Department of Pathology, Brigham and Women's Hospital, Dana-Farber Cancer Institute, Harvard Medical School, Boston, MA 02115, USA.
Am J Surg Pathol. 2010 Nov;34(11):1723-7. doi: 10.1097/PAS.0b013e3181f17d51.
Myxoinflammatory fibroblastic sarcoma and hemosiderotic fibrolipomatous tumor are rare, slow-growing soft tissue tumors of the distal extremities with recurrent potential. Recent cytogenetic studies have shown a t(1;10)(p22;q24) or der(10)t(1;10) in combination with aberrations of chromosome 3 in a limited number of cases of both entities. Here we report a case of a 42-year-old female with a soft tissue tumor of the ankle showing hybrid morphologic features of myxoinflammatory fibroblastic sarcoma and hemosiderotic fibrolipomatous tumor, a der(10)t(1;10), and abnormalities of chromosome 3. This hybrid lesion provides further evidence for a close relationship between these 2 tumor types.

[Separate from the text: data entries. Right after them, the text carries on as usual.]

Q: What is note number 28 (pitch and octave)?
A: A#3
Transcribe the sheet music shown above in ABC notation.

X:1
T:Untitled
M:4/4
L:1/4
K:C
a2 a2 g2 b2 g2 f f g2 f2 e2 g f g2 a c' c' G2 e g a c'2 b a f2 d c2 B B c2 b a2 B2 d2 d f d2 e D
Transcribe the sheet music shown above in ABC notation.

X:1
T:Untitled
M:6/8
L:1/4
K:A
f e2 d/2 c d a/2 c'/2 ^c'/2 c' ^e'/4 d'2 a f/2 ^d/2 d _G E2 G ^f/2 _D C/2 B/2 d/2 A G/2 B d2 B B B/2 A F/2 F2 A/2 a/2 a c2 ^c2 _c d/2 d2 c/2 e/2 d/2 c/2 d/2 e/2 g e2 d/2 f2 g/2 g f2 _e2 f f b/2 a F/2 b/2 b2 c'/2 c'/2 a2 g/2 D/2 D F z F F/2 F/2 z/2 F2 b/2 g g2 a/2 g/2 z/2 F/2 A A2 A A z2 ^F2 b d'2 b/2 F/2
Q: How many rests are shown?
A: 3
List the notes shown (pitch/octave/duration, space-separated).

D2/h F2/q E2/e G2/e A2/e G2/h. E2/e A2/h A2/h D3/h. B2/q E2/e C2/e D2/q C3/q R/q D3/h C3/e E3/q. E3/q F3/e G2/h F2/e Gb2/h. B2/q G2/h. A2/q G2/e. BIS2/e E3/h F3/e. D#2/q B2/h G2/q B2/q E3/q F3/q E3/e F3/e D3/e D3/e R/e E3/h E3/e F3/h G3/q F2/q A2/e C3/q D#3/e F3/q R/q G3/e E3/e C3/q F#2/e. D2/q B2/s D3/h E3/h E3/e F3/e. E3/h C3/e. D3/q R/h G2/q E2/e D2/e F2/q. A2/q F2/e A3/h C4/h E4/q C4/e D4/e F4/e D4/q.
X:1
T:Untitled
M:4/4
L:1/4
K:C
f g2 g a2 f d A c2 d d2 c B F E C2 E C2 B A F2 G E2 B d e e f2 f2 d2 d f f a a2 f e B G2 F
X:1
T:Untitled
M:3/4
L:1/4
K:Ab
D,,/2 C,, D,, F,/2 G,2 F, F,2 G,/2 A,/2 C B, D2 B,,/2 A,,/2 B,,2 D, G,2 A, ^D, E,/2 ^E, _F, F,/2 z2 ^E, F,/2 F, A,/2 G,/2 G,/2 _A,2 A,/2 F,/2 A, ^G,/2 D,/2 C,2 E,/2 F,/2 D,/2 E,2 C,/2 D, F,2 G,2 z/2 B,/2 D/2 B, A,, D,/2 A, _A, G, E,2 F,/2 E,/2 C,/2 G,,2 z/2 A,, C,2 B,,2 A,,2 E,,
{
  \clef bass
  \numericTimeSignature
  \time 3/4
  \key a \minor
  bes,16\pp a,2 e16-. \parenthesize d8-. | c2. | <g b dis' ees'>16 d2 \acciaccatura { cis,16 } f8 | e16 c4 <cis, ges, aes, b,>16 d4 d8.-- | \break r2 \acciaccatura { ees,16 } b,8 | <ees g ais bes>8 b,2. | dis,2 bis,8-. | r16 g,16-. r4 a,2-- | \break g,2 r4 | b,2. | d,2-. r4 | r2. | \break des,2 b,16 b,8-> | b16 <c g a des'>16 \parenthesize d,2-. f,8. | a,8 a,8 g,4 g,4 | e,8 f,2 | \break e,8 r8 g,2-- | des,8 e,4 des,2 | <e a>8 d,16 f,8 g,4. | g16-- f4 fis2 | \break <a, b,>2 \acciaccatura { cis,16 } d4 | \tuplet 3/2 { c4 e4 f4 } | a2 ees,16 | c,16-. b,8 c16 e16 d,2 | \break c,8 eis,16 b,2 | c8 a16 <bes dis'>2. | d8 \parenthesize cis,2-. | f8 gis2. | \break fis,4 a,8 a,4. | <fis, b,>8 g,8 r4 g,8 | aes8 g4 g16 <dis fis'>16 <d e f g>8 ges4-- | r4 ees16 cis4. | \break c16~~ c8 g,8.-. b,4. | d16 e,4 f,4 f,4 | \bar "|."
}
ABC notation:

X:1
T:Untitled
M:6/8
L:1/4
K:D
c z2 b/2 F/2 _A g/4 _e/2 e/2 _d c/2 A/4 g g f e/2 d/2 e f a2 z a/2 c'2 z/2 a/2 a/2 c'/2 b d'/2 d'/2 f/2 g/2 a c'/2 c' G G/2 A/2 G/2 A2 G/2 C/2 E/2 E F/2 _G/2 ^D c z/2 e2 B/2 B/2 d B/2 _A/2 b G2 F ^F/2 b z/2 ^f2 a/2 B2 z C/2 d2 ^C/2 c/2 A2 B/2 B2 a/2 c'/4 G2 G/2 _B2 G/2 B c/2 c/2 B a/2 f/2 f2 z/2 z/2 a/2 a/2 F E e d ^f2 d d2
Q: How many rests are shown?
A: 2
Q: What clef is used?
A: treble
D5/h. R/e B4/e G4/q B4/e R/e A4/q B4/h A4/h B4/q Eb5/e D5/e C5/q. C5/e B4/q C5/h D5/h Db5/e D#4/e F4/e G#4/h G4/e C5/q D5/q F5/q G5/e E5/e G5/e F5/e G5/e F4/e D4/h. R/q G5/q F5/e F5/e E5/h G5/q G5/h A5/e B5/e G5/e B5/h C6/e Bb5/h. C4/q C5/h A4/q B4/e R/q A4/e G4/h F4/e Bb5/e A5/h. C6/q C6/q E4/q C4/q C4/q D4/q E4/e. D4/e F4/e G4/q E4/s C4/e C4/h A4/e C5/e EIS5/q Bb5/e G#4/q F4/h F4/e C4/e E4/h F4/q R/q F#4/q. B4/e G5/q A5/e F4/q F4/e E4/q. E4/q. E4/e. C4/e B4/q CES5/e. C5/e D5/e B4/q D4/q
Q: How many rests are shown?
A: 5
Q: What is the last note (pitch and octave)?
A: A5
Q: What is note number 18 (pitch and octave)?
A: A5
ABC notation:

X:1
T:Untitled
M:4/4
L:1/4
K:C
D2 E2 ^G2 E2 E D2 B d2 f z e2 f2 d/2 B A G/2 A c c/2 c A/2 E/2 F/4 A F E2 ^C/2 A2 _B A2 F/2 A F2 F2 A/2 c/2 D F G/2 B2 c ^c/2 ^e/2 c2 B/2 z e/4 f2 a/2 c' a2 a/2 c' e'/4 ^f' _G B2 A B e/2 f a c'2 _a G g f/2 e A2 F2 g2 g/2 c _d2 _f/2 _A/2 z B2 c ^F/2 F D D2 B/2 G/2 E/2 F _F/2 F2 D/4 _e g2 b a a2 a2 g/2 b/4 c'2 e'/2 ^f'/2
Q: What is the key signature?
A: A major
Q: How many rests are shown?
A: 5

黏液炎症性纤维母细胞肉瘤和含铁血黄素性纤维脂肪瘤样肿瘤是罕见的、生长缓慢的四肢远端软组织肿瘤,具有潜在的复发性。最近的细胞遗传学研究显示,在这两种实体肿瘤的少数病例中,存在 t(1;10)(p22;q24)或 der(10)t(1;10),并伴有 3 号染色体的异常。在这里,我们报告了一例 42 岁女性的踝部软组织肿瘤,其具有黏液炎症性纤维母细胞肉瘤和含铁血黄素性纤维脂肪瘤样肿瘤的混合形态学特征、der(10)t(1;10)和 3 号染色体异常。这种混合病变进一步证明了这两种肿瘤类型之间的密切关系。